Since then the centres have been the subject of controversy and litigation. One problem has been the human rights abuses and deaths which have occurred in the offshore processing centres. For instance, in 2014, an asylum seeker - Reza Barati - died of head injuries on the way to hospital following protests at the Manus Island Immigration Detention Centre in PNG. The riot prompted an Australian Senate inquiry which concluded that ‘the Australian Government failed in its duty to protect asylum seekers including Mr Barati from harm’.
Due to these significant problems, the UN and many human rights groups have argued that offshore processing as undertaken by Australia breaches a number of human rights laws.
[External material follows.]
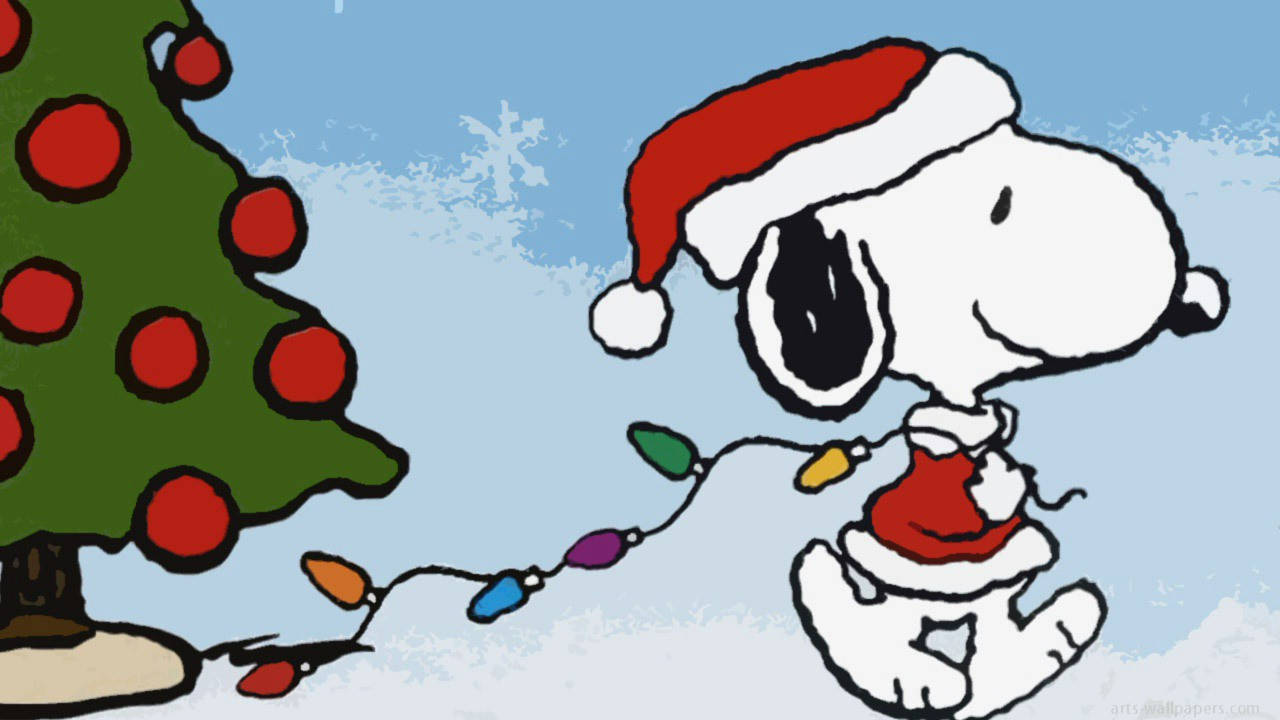 Snoopy Christmas Lights Wallpaper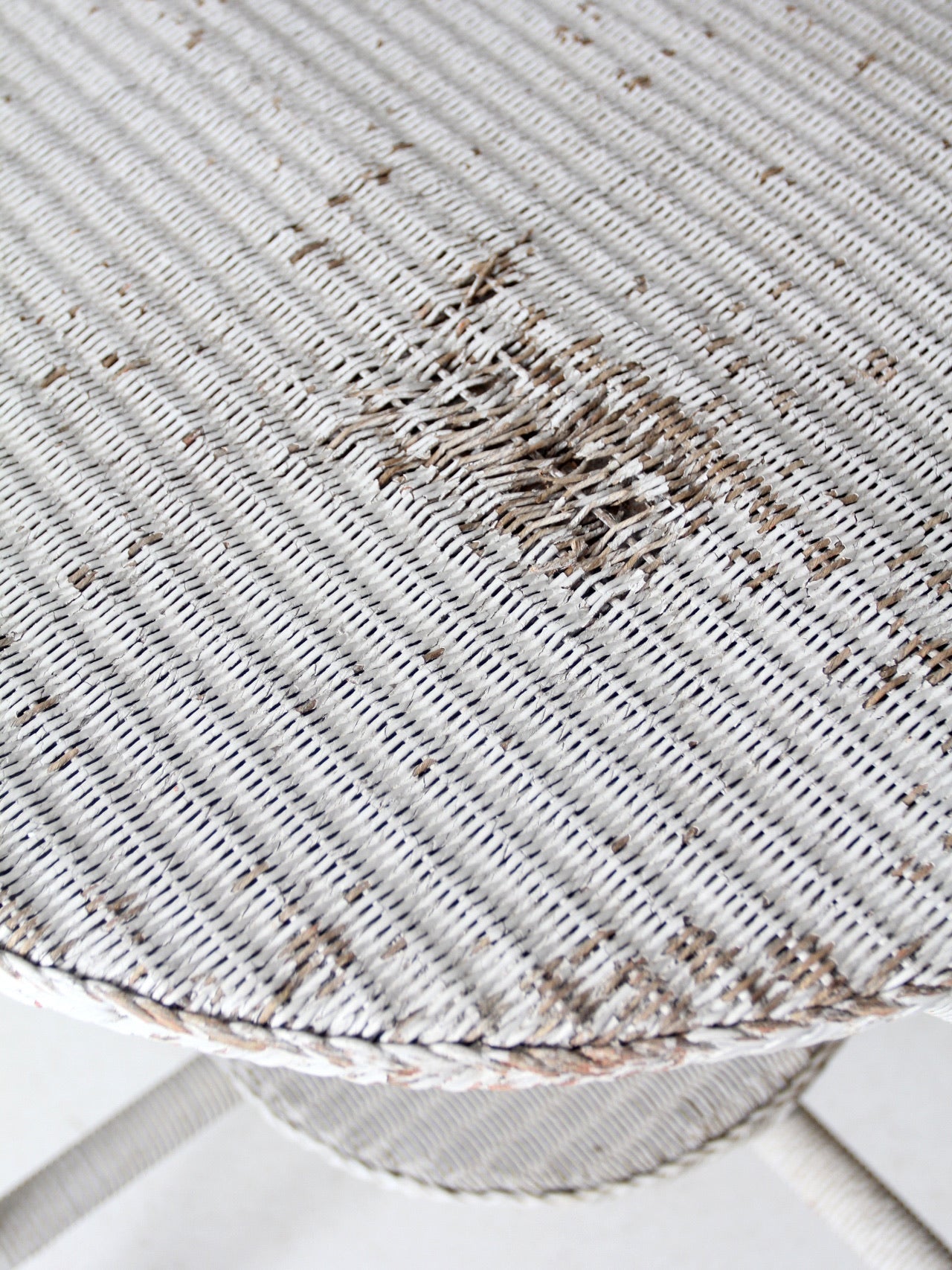 antique white wicker accent table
For instance, in 2015, the UN Special Rapporteur Against Torture found that numerous aspects of Australia’s policies in PNG violate the right of detainees to be free from torture or ‘cruel, inhuman or degrading treatment’ under arts 1 and 16 of the Convention against Torture and Other Cruel, Inhuman or Degrading Treatment or Punishment:
[T]he Rapporteur concludes (PDF 720KB) that there is substance in the allegations presented in the initial communication, reiterated above, and thus, that the Government of Australia, by failing to provide adequate detention conditions; end the practice of detention of children; and put a stop to the escalating violence and tension at the Regional Processing Centre, has violated the right of the asylum seekers, including children, to be free from torture or cruel, inhuman or degrading treatment.
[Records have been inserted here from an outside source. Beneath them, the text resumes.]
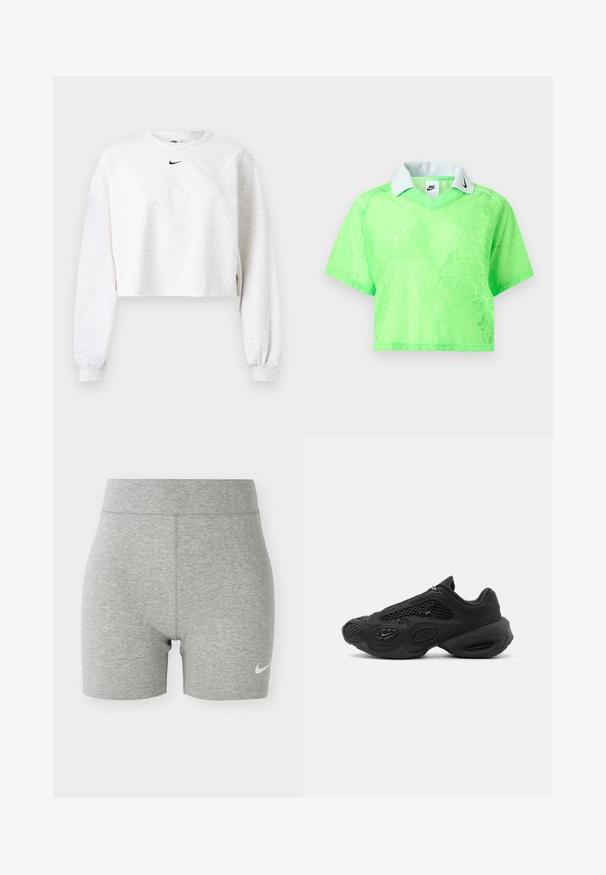 Krátka mikina v svetlosivej farbe, vyrobená z mäkkej tkaniny. Má okrúhly výstrih, dlhé rukávy s elastickými manžetami a čierne logo Nike nad hrudníkom.; Neónovo zelený krátky crop top s jemným vzorom, bielym golierom a čiernym logom Nike Swoosh na golieri a vnútri štítku.; Šedé športové šortky vyrobené z mäkkej tkaniny, s vysokým pásom a malým bielym logom Nike na dolnej ľavej strane.; Čierna športová teniska s sieťovanými panelmi, hrubou polstrovanou podrážkou a malým logom swoosh na boku, odfotená na jednoduchom pozadí.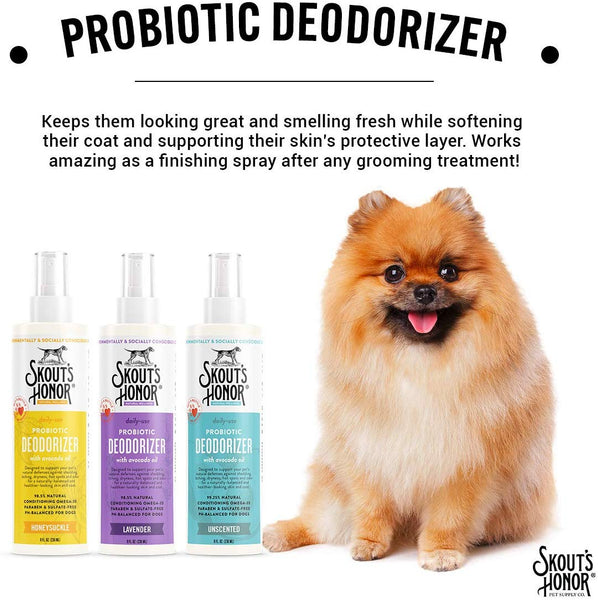 SKOUT'S HONOR: Probiotic Deodorizer - 8 fl. oz. - Hydrates and Deodorizes Fur, Supports Pet’s Natural Defenses, PH-Balanced and Sulfate Free - Avocado Oil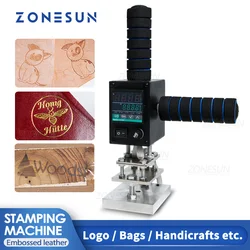 ZONESUN Protable Hot Foil Stamping Machine Custom LOGO Stamping Mold DIY Leather Trademark Plastics Tires Bronzing Machine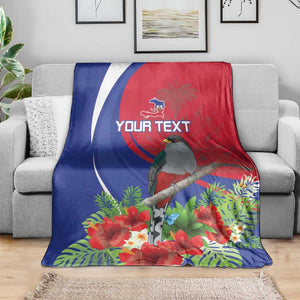 Personalized Afro-Haitians Blanket Hispaniolan Trogon Sporty Style - African Pride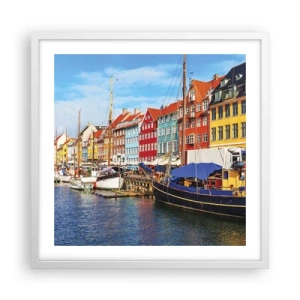 Póster en marco blanco - Muelle alegre - 50x50 cm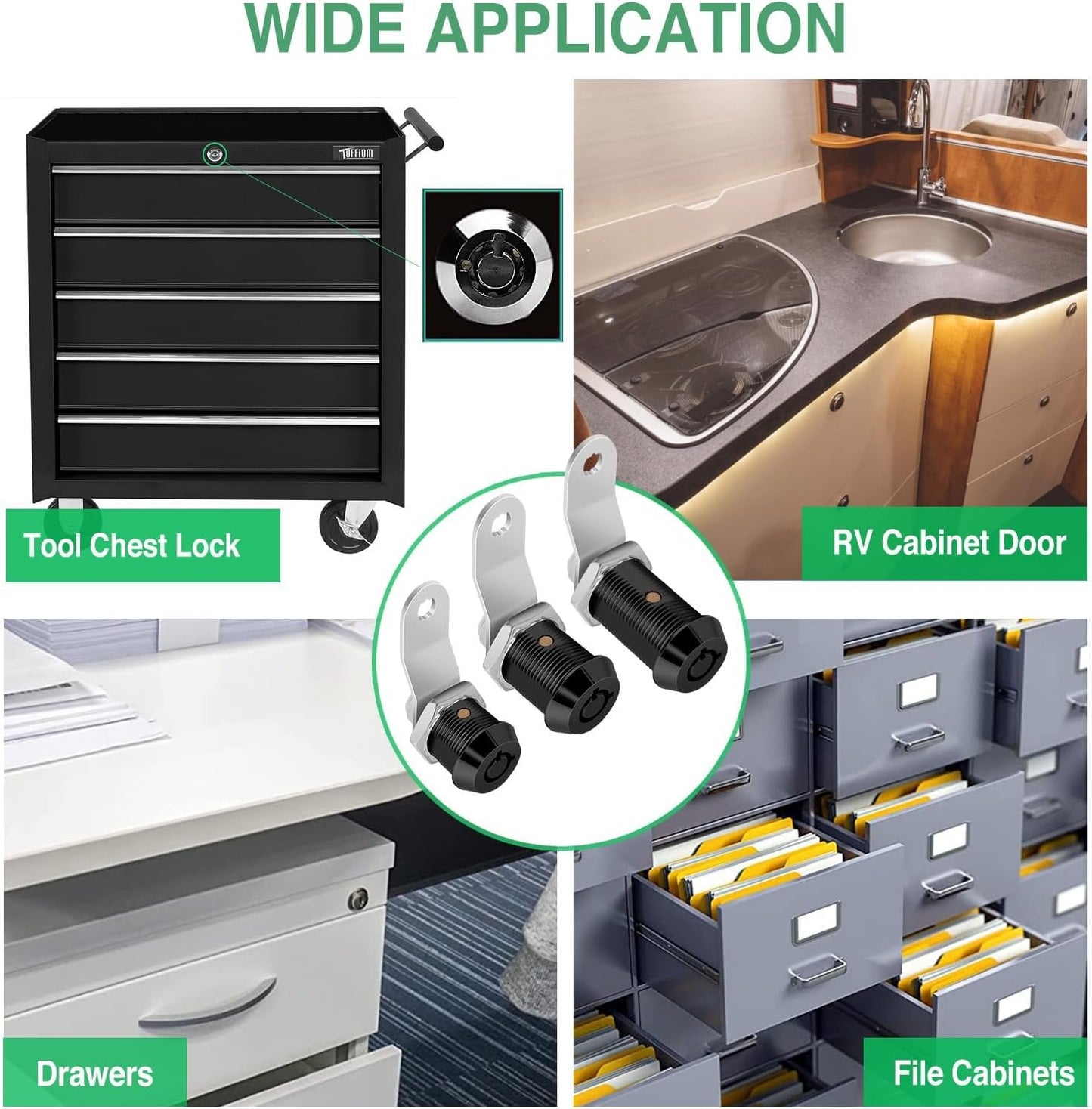 5 Pack Tool Box Lock with Keys, 5/8" RV Storage Lock Keyed Alike, Cabinet Lock Cam Locks for Toolbox Lock Replacement Mailbox RV Compartment Locks with Manual (Black -5 Pack, 5/8 Inch)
The UN High Commissioner for Refugees also stated in 2016 that ‘[t]here is no doubt that the current policy of offshore processing and prolonged detention is immensely harmful’.
This criticism has continued more recently, with the UN High Commissioner for Human Rights Michelle Bachelet raising serious concerns about Australia's offshore processing regime whilst on a visit to Australia in 2019.
Legal Difficulties and Complexities
To illustrate the problems with establishing and maintaining offshore processing regimes, I wish to examine the legal confusion and complexities which arose in relation to the detention of asylum seekers on Manus Island in PNG.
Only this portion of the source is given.